- **Task description**: Apart from the pictures, every line below is to be set down exactly.

(Saved entries)

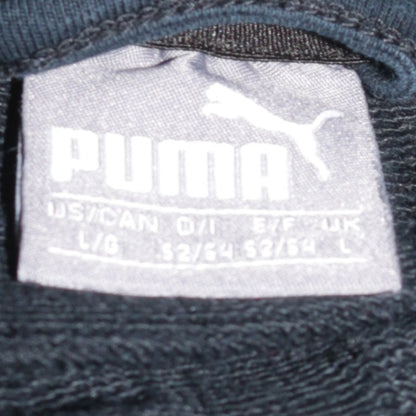 Puma Men's Black Full Zip Fleece Sweatshirt Size L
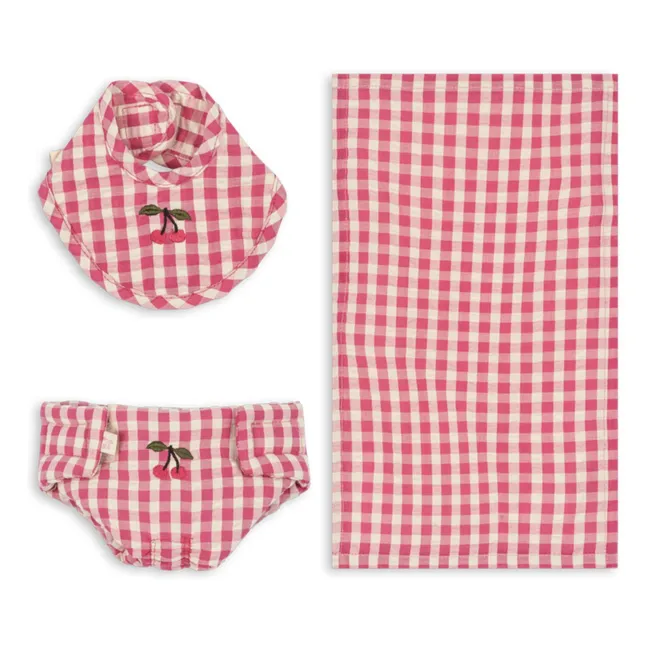 Accessoires pour poupée Bubblegum Check | Rose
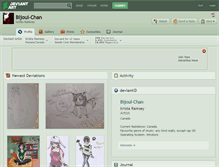 Tablet Screenshot of bijoul-chan.deviantart.com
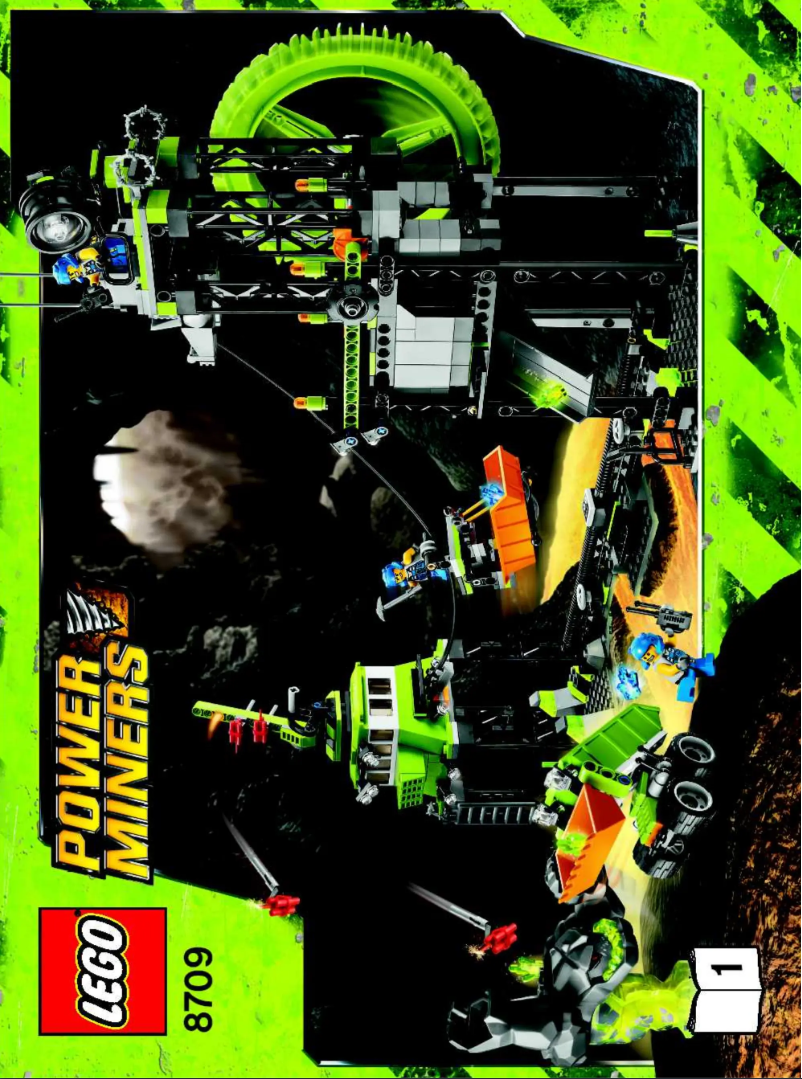 Page 1 de la notice Manuel utilisateur Lego Underground Mining Station
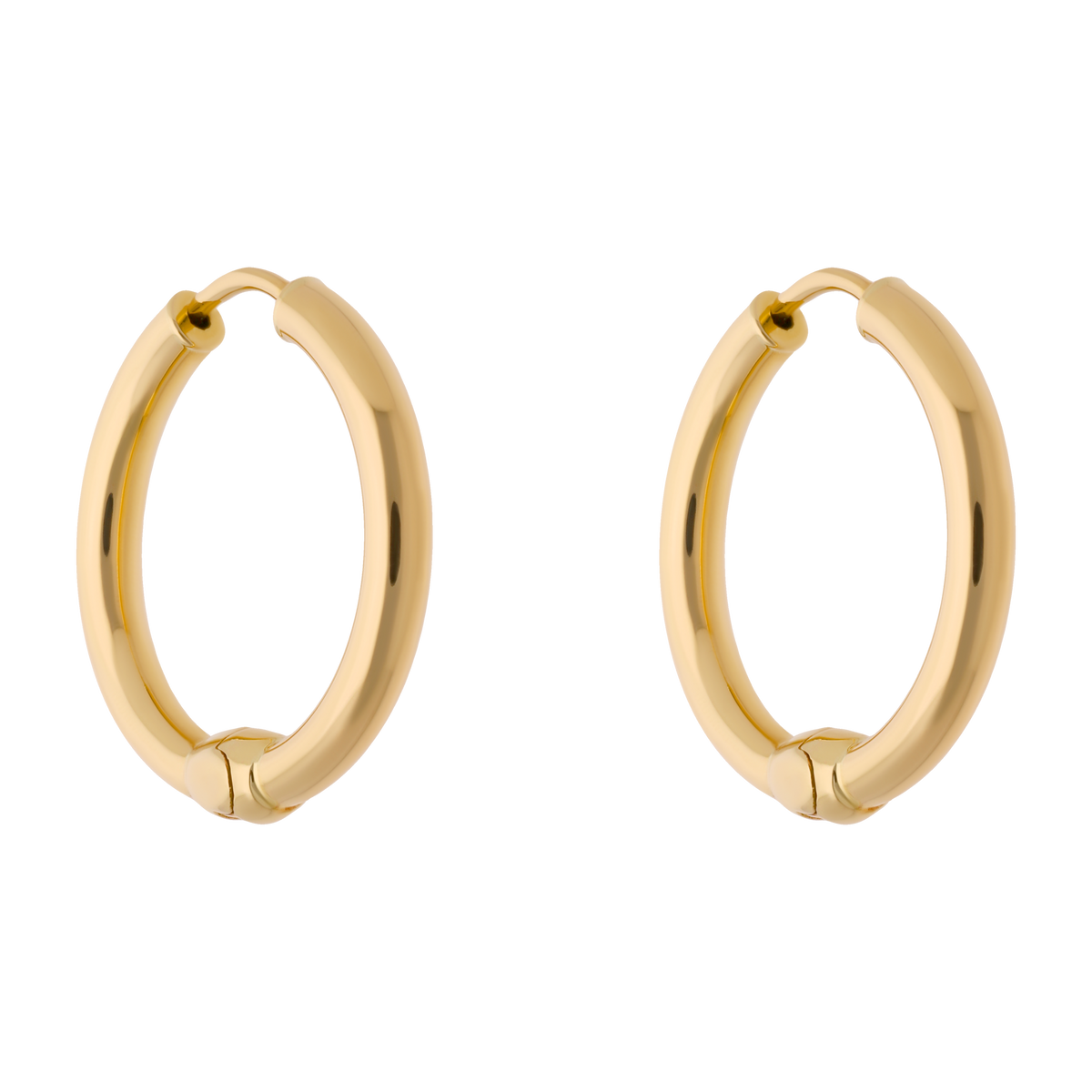 Arracadas 2.5mm lisas 10K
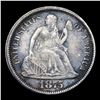 Image 2 : 1875-p Seated Liberty Dime 10c Graded AU Details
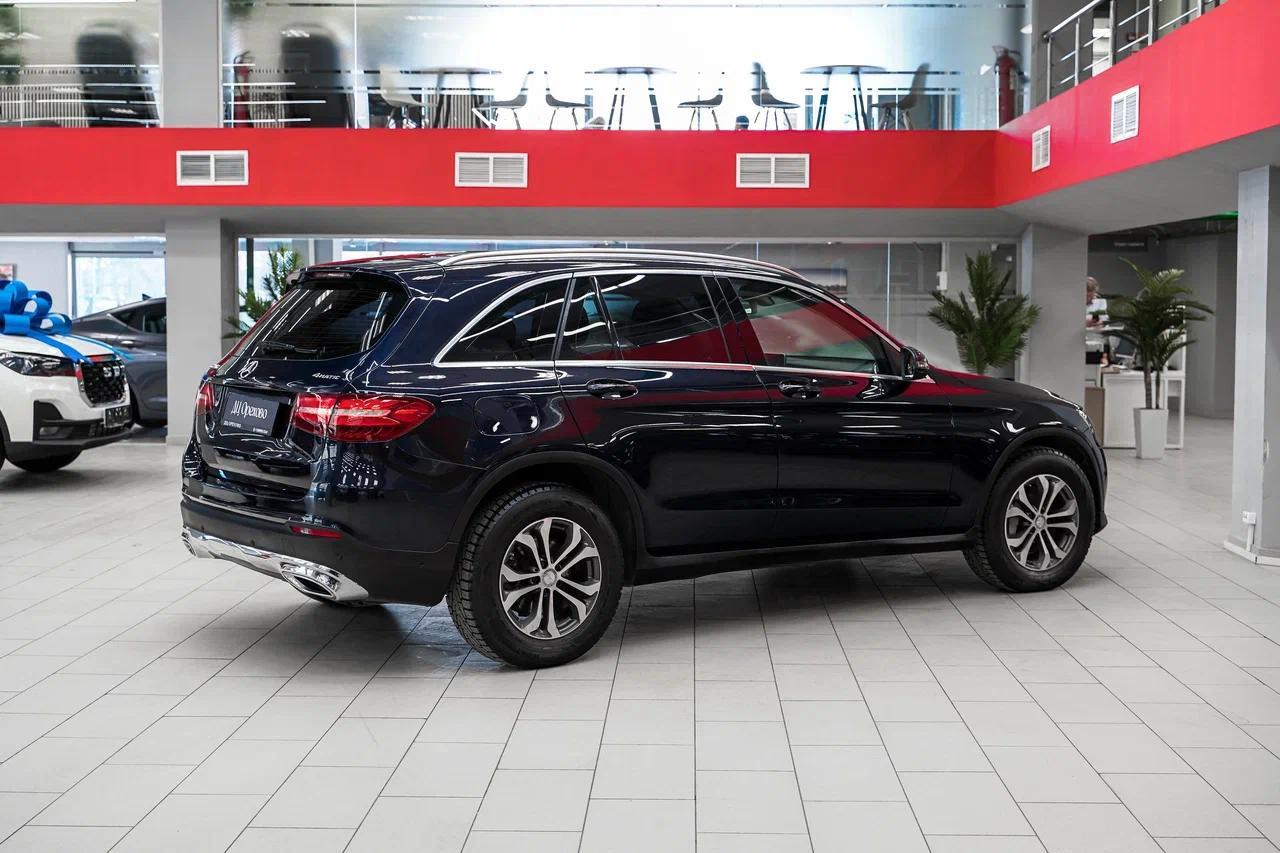 Mercedes-Benz GLC 2016, синий, ДЦ Орехово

- **Reply to the task**:
 Puma Men's Black Full Zip Fleece Sweatshirt Size L
 Accessoires pour poupée Bubblegum Check | Rose
 Tablet Screenshot of bijoul-chan.deviantart.com
 Page 1 de la notice Manuel utilisateur Lego Underground Mining Station
 Arracadas 2.5mm lisas 10K
 Image 2 : 1875-p Seated Liberty Dime 10c Graded AU Details
 Mercedes-Benz GLC 2016, синий, ДЦ Орехово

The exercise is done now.